-------- Records provided --------

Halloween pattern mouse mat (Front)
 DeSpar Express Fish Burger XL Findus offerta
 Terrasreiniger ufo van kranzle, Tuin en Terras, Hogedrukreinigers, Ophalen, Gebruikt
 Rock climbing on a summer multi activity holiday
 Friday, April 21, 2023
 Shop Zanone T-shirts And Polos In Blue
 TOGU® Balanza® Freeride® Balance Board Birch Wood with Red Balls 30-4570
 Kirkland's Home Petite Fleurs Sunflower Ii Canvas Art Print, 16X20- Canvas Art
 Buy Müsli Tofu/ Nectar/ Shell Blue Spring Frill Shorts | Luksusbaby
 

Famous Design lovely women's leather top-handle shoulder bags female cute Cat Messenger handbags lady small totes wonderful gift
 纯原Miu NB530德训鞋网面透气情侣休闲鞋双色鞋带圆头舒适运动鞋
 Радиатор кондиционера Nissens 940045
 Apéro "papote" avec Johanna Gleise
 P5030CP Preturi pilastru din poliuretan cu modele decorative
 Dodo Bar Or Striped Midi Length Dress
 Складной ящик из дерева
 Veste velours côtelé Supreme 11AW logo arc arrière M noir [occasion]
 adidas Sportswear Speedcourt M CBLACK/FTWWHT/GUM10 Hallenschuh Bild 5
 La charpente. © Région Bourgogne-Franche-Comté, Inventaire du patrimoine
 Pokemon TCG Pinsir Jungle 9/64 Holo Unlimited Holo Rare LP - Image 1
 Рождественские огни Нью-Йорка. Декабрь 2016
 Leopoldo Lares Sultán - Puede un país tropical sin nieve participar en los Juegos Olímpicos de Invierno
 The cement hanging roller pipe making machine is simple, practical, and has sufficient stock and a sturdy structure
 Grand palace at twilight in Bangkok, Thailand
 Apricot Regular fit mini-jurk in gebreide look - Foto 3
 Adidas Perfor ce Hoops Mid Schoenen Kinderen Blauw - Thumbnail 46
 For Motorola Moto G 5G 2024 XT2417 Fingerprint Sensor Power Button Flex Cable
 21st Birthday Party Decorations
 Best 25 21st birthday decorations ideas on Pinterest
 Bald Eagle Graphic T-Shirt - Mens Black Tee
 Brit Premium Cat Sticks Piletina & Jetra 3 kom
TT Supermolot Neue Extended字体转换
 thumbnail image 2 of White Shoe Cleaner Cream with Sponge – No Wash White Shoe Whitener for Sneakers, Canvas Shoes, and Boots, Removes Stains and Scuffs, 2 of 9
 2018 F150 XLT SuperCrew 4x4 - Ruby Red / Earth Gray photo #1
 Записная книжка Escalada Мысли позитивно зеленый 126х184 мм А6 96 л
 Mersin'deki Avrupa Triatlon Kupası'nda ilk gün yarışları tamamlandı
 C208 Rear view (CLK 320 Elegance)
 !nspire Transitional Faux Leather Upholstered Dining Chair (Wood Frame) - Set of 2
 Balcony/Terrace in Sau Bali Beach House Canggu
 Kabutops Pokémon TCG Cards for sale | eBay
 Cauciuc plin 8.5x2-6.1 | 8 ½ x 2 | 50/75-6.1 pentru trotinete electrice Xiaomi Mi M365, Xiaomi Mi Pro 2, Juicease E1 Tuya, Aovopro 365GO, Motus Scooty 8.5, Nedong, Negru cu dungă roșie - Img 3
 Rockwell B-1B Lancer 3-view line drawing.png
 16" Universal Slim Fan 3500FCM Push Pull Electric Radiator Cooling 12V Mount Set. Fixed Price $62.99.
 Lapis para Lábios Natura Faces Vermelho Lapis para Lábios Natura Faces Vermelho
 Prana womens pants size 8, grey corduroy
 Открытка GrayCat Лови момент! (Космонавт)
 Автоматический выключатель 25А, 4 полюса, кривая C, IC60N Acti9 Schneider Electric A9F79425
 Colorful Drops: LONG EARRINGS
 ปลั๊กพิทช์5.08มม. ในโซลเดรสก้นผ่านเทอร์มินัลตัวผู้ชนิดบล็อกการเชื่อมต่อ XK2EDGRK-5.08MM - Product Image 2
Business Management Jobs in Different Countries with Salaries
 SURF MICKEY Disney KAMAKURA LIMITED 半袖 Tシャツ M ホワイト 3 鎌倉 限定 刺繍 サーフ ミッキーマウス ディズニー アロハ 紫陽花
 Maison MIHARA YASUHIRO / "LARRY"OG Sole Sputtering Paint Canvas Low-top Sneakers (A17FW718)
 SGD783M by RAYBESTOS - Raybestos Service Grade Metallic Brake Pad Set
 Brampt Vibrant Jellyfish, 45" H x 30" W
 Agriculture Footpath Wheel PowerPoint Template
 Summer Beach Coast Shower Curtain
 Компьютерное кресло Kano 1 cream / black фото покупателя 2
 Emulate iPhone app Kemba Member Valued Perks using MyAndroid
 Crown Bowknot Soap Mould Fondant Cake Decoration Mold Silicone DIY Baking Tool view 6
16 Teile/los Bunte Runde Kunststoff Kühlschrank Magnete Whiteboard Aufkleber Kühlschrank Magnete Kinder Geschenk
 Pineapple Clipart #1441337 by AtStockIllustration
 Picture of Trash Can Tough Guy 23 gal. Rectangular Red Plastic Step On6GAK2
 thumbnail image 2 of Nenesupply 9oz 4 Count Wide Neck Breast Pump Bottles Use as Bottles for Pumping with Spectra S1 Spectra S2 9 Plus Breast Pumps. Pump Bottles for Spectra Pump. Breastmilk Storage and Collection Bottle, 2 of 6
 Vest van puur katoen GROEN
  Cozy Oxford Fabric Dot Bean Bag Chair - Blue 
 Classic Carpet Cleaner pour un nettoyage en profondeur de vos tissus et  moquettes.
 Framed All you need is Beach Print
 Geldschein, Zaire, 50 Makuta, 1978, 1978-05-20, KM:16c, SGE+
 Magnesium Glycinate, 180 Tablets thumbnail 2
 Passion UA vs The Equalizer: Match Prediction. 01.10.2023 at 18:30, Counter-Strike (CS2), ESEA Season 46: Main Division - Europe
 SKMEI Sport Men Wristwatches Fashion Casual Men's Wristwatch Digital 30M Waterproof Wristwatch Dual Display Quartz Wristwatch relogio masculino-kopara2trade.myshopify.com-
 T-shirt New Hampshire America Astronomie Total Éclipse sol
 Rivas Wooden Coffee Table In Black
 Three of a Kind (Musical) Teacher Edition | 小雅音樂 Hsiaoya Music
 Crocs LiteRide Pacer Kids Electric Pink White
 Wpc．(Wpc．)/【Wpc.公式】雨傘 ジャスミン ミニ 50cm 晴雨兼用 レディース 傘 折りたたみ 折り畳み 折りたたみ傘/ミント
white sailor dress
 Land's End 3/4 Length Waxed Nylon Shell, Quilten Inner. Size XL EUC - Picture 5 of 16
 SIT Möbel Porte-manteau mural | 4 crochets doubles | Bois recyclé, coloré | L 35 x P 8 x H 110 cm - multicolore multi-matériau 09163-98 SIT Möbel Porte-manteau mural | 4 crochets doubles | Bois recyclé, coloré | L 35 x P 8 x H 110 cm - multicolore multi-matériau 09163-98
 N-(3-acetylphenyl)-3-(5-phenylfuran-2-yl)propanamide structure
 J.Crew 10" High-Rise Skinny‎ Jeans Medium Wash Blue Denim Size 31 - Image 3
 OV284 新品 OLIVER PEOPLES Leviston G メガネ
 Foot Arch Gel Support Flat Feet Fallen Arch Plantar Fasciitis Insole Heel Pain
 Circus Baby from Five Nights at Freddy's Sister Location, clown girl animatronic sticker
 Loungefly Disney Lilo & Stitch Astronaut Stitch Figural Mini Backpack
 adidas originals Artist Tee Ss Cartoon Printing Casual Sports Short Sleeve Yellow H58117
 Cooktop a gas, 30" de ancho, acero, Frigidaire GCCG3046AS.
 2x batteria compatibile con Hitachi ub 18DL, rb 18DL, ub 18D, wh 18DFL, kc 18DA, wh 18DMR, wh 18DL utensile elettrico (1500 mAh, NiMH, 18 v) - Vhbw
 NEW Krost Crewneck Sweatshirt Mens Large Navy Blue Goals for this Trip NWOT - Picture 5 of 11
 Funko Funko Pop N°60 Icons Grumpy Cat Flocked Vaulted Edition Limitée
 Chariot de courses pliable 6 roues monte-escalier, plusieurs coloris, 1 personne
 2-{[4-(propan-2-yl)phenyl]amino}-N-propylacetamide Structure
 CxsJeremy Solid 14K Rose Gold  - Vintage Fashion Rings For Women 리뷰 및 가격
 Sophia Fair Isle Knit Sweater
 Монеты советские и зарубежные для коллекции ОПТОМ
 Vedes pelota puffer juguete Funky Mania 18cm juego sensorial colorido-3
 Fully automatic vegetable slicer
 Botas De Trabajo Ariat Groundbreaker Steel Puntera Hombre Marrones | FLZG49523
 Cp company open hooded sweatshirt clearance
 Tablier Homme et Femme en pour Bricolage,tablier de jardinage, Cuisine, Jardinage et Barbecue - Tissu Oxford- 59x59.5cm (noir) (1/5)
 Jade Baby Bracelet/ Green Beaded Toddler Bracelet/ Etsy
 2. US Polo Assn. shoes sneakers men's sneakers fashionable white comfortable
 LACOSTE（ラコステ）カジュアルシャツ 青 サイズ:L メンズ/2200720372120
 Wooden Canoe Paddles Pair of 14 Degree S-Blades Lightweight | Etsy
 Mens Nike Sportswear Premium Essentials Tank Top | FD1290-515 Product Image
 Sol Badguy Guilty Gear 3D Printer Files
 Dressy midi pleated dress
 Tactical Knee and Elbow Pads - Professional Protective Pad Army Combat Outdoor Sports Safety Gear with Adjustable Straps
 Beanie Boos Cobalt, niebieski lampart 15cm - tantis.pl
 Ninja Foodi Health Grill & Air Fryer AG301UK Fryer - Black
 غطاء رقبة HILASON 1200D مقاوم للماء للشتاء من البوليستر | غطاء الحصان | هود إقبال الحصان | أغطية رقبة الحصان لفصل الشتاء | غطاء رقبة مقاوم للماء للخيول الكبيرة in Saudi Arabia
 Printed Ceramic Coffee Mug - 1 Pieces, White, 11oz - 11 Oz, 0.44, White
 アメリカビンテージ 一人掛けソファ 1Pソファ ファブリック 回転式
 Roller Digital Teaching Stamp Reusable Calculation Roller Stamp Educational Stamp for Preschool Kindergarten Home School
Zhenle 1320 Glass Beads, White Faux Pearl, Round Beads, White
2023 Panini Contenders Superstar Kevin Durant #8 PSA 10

--------

**Work required**:
Only the count is wanted. Find the lines of the records that include the word "Casual" and state how many.

**Finished exercise**:
2